I was aghast when I got the news about MSC. I’m an Environmental Studies major, I’m supposed to be one step ahead of the green-washers. Turns out the MSC — like me — means to do the right thing, it’s just once again, easier said than done. Ironically, the MSC is a victim of its own good intentions. There is such a high customer demand for sustainable fish (from Walmart to Whole Foods) the pressure is on to approve fisheries — even the not-quite-good-enough ones. Walmart is also a big donor to MSC, so the council is caught between an ethical rock and a harder place — the environment and corporate power-players.
Meanwhile out there in the oceans, fisheries are reaching collapse north, south, east and west. Highly prized Pacific blue fin tuna sushi is about to be a delicacy of our very recent past. Reports in January say the population is down 96 percent: That’s extinction time — especially as 90 percent of blue fin caught are juveniles not even at spawning age.
But with the kind of money blue fin commands — the first blue fin caught this season sold for a record $1.76 million at a Tokyo fish market — you can see the dilemma. The tuna that fetched this publicity-stunt-inflated price was only 489 pounds, less than half the size a blue fin can reach.
And size does count. Take the West Atlantic swordfish. Back in 1960 its average size was 270 pounds, now it’s a much slimmer 90 pounds. They can be legally caught, supposedly sustainably, at a mind-warping whisper-thin 44 pounds — yet swordfish can’t reproduce until they are 150 pounds.
The MSC gave the Canadian Atlantic swordfish fishery its stamp of approval, outraging marine scientists and environmentalists — not over the size of the swordfish caught, but the long-line fishing method used. For every swordfish caught, two sharks die (unintended by-catch). North Atlantic shark populations are down 40-60 percent in the past few decades.
I am a pretty nonreligious person — a burnt-out Anglican. But on Easter Sunday, my 8-year-old daughter insisted we go to Mass. When the priest talked of simple garden-variety resurrections he had witnessed, I thought about the fish in the sea…
It’s a no-brainer we need some real life species resurrections right about now.
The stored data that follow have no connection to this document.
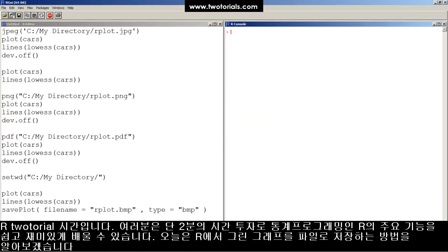This is an R tutorial. Got two minutes? Learn some statistical programming in R. It's easy, free, and fun!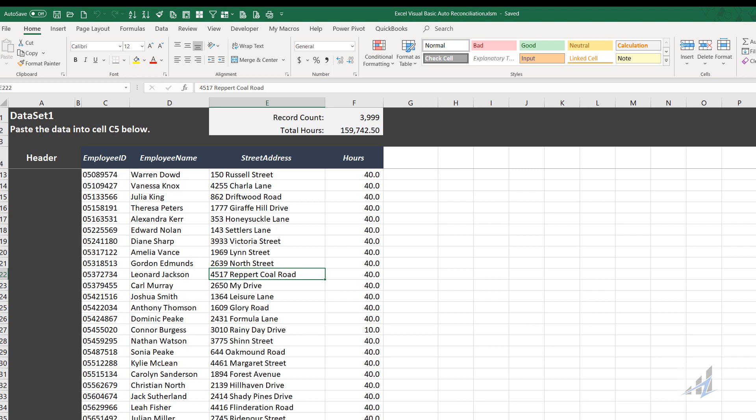So formulas at the top do show the record count and the total number of hours. Now because I built this thing, I do know and run it fifty thousand times, frankly. I know that it's got about four thousand records in each tab.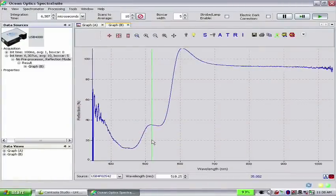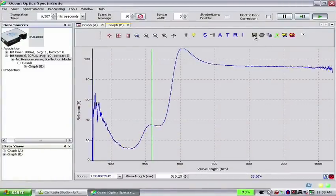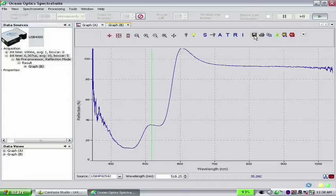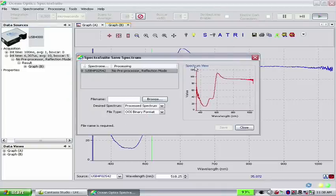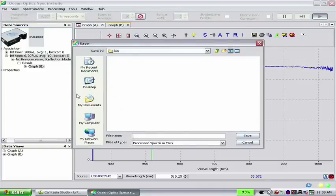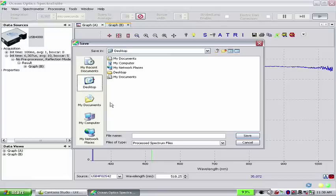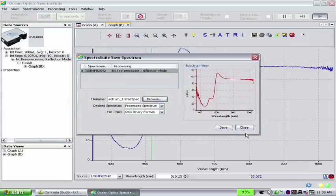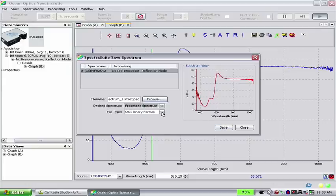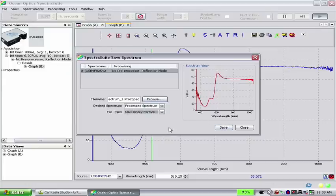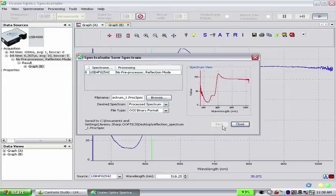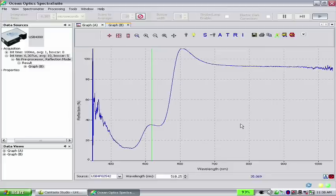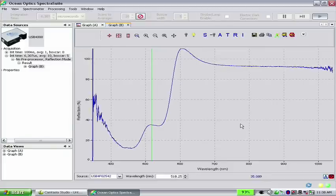To save this reflection spectrum, simply click Save Spectrum. Browse to a location where you would like to save the file. Give the file a desired name and click Save. Select the file type you wish to save, click Save, and then click Close. The spectrum is now saved in the directory you specified.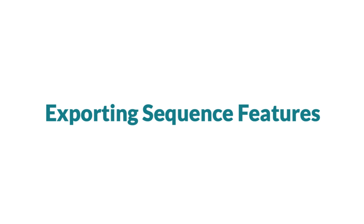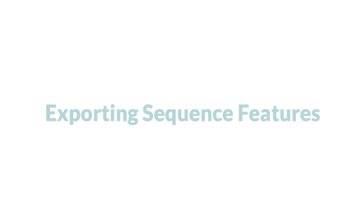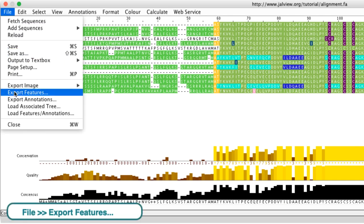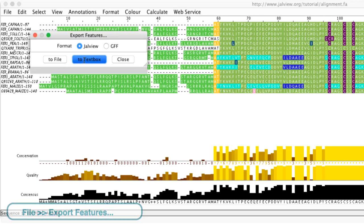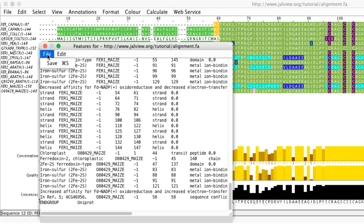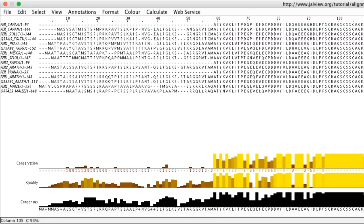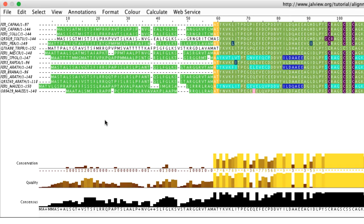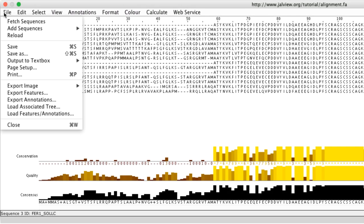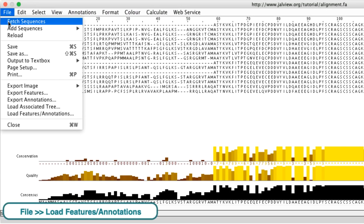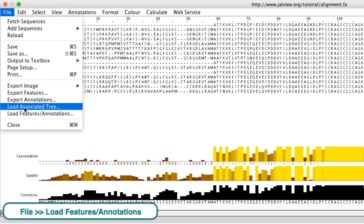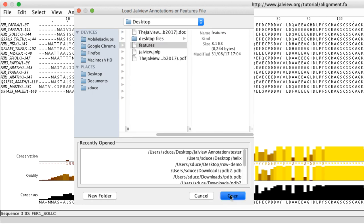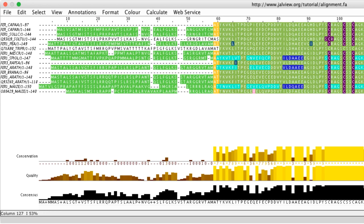Sequence features can be exported by going to the file drop down menu and selecting export features. The file can then be saved. Dragging and dropping the file onto the alignment or using the load feature slash annotation option in the file drop down menu will add features to the alignment.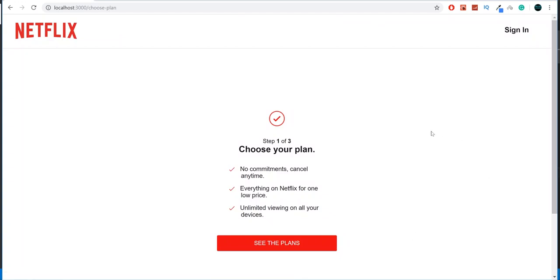All right, guys, we're done with our project — finally! If you like this project and these videos, hit the like button. You can ask me in the comments — I'll try to answer as soon as possible. Let me know in the comments if you want more projects like this. All right guys, see you in the next project!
Blue fin tuna are the tigers of the sea. They are aqua-dynamic marvels, reaching speeds of up to 50 mph, at the top of their evolutionary game — and like us — their food chain. But herein lies the problem: All food chains now end with us. Someone better send a memo to the Japanese, who gobble up 81 percent of the world’s fresh tuna.
Our collective, voracious appetite for sushi and other delicacies is messing with the ecology of the ocean. Forget the Amazon rain forest being the lungs of the earth. Oceans provide the oxygen for seven out of every 10 breaths you take. It doesn’t take a sage to know we should not mess with the third day of God’s handiwork.
Eighty percent of Americans want to eat sustainably caught fish. If the blue-and-white MSC label is not all it’s cracked up to be, how do we do that? Spend a few minutes with the one who knows all — the Internet. With a few clicks, you will be immersed in an information fiesta of fishy facts.
Free fact: Alaskan black cod (aka sablefish) is one “best” choice option.
But the bottom-trawling truth I’m afraid may seem unpalatably un-American. The “best” fishing practice is probably to eat: not one fish, not two fish, but simply less fish. Because even if the MSC label and governmental data could always be relied on, I don’t think it can be fish-business as usual. Unlike the starving baby sea lions we have other food options.
If we, the politicians, the corporate CEOs, the people, can perform some miracles of informed, considered restraint, maybe we could help pull off some resurrections.